The bipolar disorder became obvious first – being thin for the first time in my adult life brought up a tonne (harhar) of issues that being in a food coma and surrounded by a wall of fat had kept at bay. Before the year following my surgery was up, i was tits-deep in mania. Mania is characterised as “a state of heightened overall activation with enhanced affective expression together with lability of affect” (Source: Wikipedia), and labile is an adjective meaning unstable, fluctuating wildly. Sounds about totally, yep, uh-huh.

It is my uneducated and purely experiential opinion that the mania blew the doors off in my brain that were keeping me from knowing my system, and kept them somewhat controlled in their behaviour. What followed was a free-for-all that kept me scrambling for the face, for years. I barely slept and mostly ran on booze and drugs and manic juice.

Back to present, now.

The thing that has thrown me for a loop is just how much i dissociate. I had no idea until i took on this work of being as present in my body as i can be, which becomes harder the further i am from the face, that i’m at a measurable level of dissociation most of the time. This all leaves me invariably exhausted, with no special juices to keep me going.

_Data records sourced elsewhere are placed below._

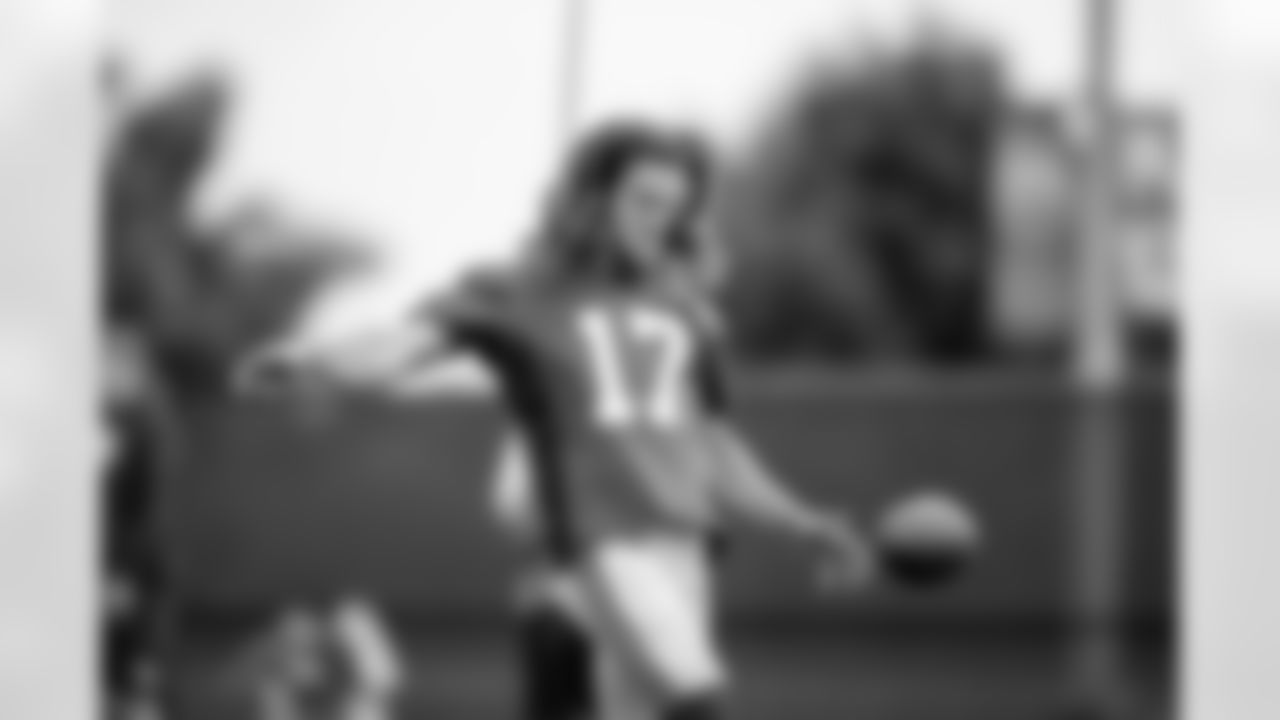 P Jamie Gillan (17)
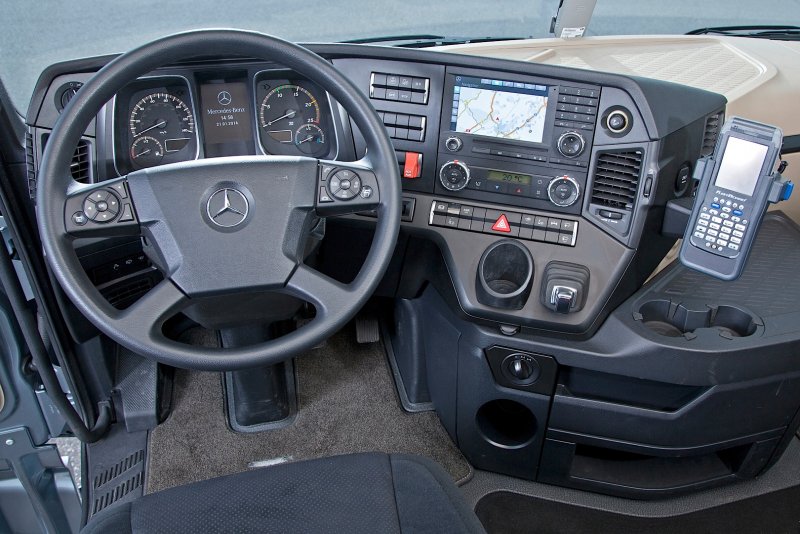 Mercedes Benz Actros 2014 салон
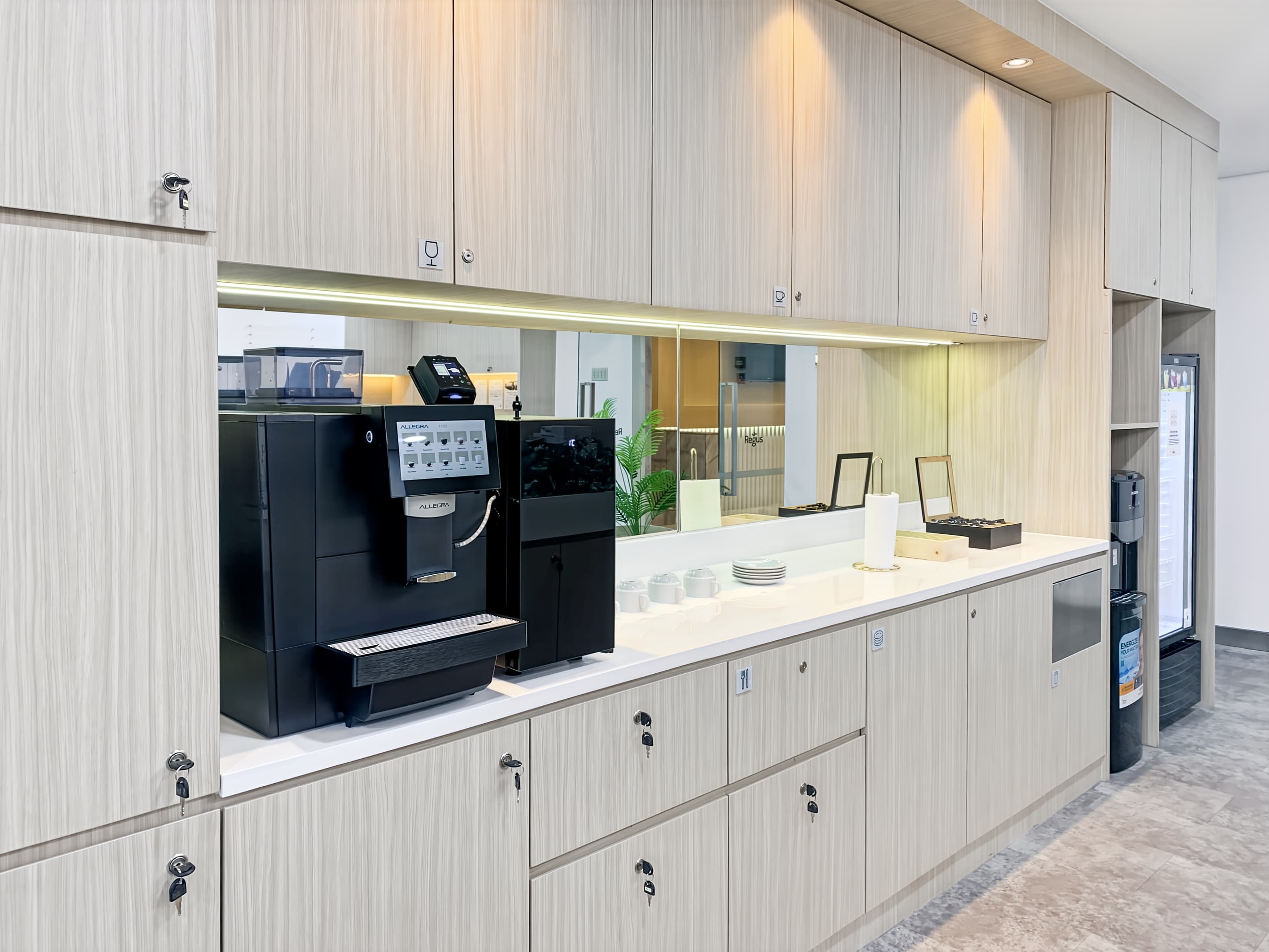 Jakarta , Regus Sinarmas Land Plaza Tower 1 image 6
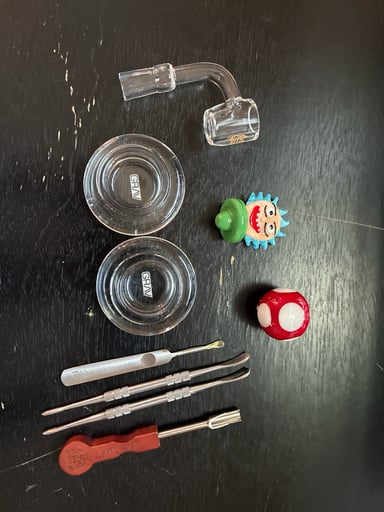 Preview pic of Glass and tool bundle!
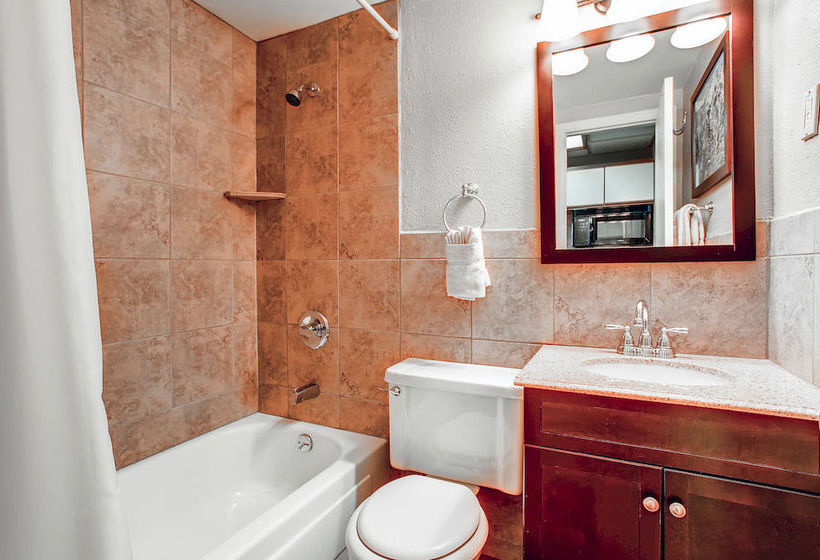 فندق Park Meadows Lodge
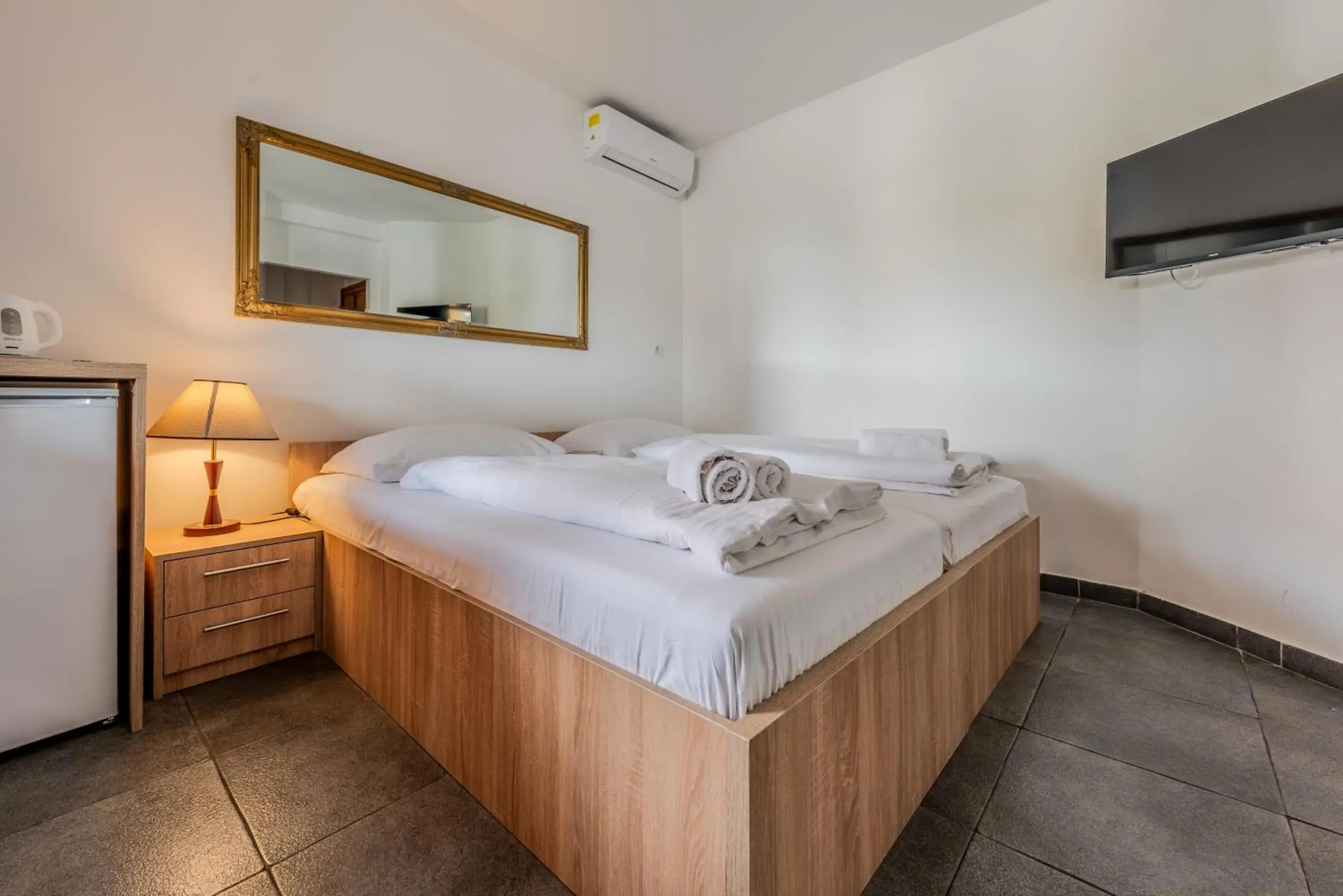 TV and multimedia, Bed in Aparthotel Plat TV and multimedia, Bed in Aparthotel Plat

So i tell my therapist about how tired i am, and how much my body hurts, but how the fear no longer has me in a chokehold, and i’m strangely fine with it all. I say i think i might have an idea why that is, and i share my hypothesis.
That’s for next post, though.
Have the best week you’re able to, and i’ll do the same.

Peace and Love,
~H~

*For the uninitiated, “in the face” is a phrase i use to describe who’s currently in control of my system, i.e. the part who’s seeing/speaking and has physical agency.
**Upon proofreading, that’s a bit of a misnomer. I also sleep on an old disco waterbed where i keep the heat cranked – it helps my fibromyalgia pain. So i’m nice and warm and don’t need the duvet, even if i was fine with the weight of it.